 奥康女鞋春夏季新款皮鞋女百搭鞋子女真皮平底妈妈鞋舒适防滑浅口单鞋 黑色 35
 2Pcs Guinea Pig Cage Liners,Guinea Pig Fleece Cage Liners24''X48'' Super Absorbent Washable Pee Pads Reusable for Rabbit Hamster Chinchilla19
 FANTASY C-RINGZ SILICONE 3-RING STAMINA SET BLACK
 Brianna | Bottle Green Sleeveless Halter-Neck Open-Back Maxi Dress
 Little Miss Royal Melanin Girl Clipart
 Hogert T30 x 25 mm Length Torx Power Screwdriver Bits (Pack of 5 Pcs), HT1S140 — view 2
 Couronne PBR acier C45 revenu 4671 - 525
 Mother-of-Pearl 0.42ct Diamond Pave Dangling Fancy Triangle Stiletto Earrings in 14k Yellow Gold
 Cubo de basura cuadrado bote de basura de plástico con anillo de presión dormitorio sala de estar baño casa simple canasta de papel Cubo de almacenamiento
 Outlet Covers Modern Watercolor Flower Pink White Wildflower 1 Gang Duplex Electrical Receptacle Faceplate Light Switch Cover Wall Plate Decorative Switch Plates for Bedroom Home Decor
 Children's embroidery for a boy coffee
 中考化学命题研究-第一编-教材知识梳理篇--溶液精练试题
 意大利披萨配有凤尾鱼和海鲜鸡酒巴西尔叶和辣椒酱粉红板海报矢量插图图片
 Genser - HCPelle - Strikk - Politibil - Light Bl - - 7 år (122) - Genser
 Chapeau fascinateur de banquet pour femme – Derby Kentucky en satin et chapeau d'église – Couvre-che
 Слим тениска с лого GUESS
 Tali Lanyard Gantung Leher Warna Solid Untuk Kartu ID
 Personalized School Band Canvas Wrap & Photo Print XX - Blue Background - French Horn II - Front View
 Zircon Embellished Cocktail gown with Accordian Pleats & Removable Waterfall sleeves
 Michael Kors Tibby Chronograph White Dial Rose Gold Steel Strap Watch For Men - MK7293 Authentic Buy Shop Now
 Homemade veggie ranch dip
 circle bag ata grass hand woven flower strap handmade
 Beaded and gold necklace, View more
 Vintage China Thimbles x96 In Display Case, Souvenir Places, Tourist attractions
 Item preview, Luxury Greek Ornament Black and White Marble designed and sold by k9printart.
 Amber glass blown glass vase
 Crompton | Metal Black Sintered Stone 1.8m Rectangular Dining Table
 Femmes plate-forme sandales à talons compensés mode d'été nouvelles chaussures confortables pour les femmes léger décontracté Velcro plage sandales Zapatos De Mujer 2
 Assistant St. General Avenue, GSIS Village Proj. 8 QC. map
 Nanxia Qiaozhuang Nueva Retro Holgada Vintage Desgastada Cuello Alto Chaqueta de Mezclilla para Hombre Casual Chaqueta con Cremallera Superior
-*-
▶ What the exercise asks:
For each line of the entries that holds the word "Light", pull that line out.

▶ Reply:
 Outlet Covers Modern Watercolor Flower Pink White Wildflower 1 Gang Duplex Electrical Receptacle Faceplate Light Switch Cover Wall Plate Decorative Switch Plates for Bedroom Home Decor
 Genser - HCPelle - Strikk - Politibil - Light Bl - - 7 år (122) - Genser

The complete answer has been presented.